## Exercise directions
The required answer is an exact copy of the lines from the one containing "Our goalkeeper in" to the end of the listing, both included, without any pictures.

## Dataset content
★ ★ ★ ★ ★ ★ ★

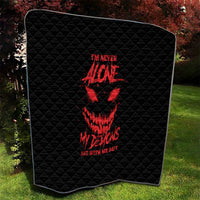 Black quilt blanket with red devil skull graphic and text, rounded top corners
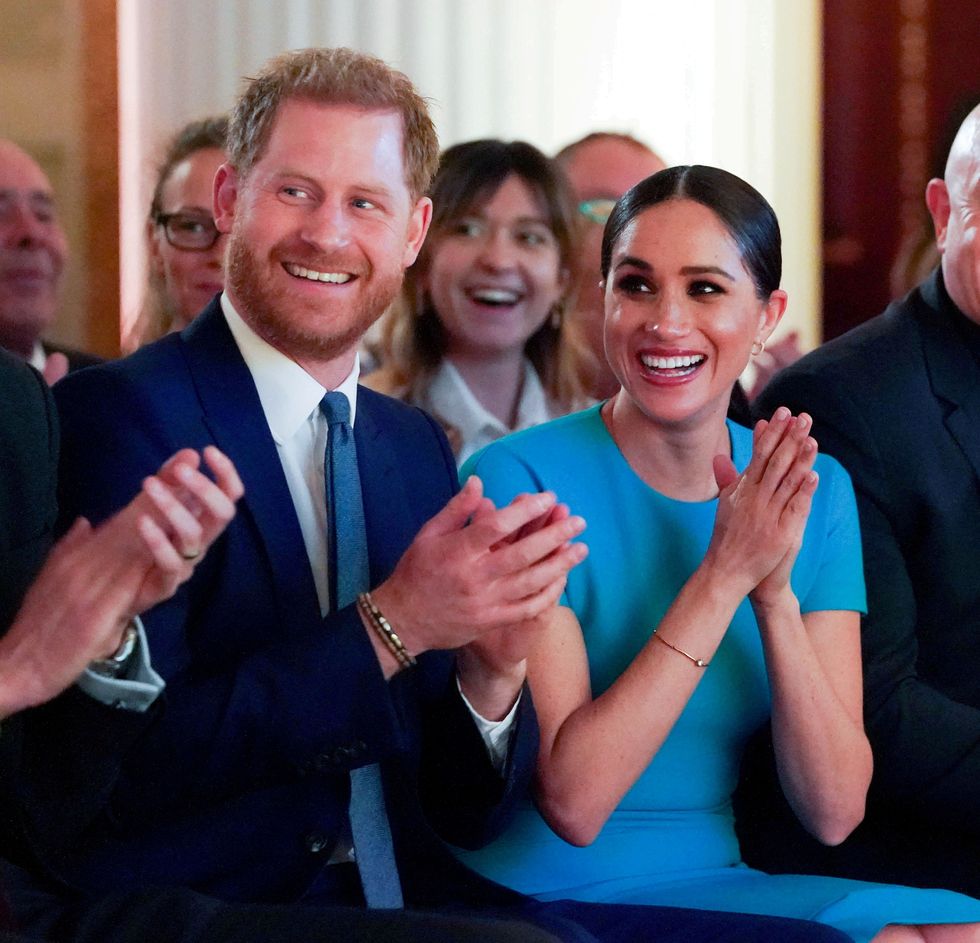 FILE PHOTO: Britain's Prince Harry and his wife Meghan, Duchess of Sussex, cheer during the annual Endeavour Fund Awards at Mansion House in London, Britain March 5, 2020. Paul Edwards/Pool via REUTERS//File Photo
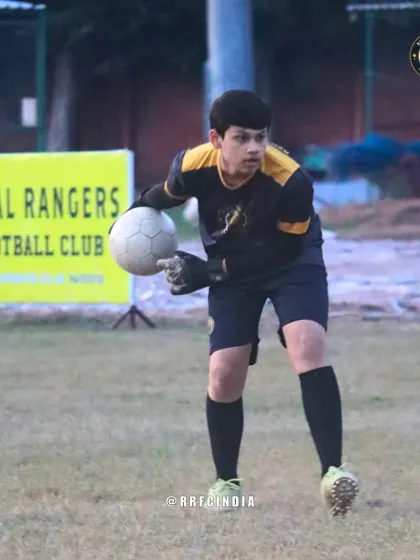 Our goalkeeper in action, focused and ready to make a save. We provide specialized goalkeeper training to develop the unique skills required for this critical position.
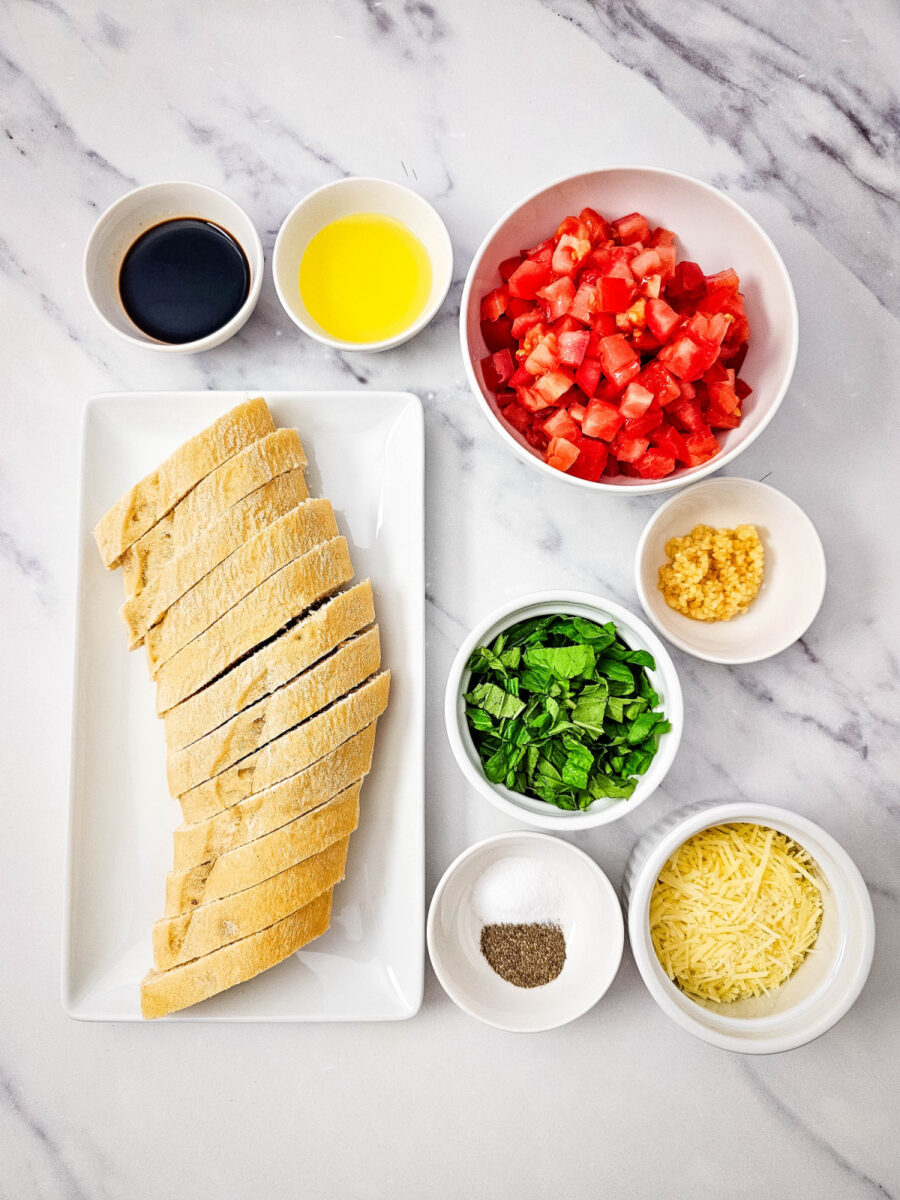 Ingredients for Bruschetta including sliced French baguette, Roma tomatoes, fresh basil, Parmesan cheese, olive oil, balsamic vinegar, garlic, salt, and pepper.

★ ★ ★ ★ ★ ★ ★

## Exercise result
 Our goalkeeper in action, focused and ready to make a save. We provide specialized goalkeeper training to develop the unique skills required for this critical position.
 Ingredients for Bruschetta including sliced French baguette, Roma tomatoes, fresh basil, Parmesan cheese, olive oil, balsamic vinegar, garlic, salt, and pepper.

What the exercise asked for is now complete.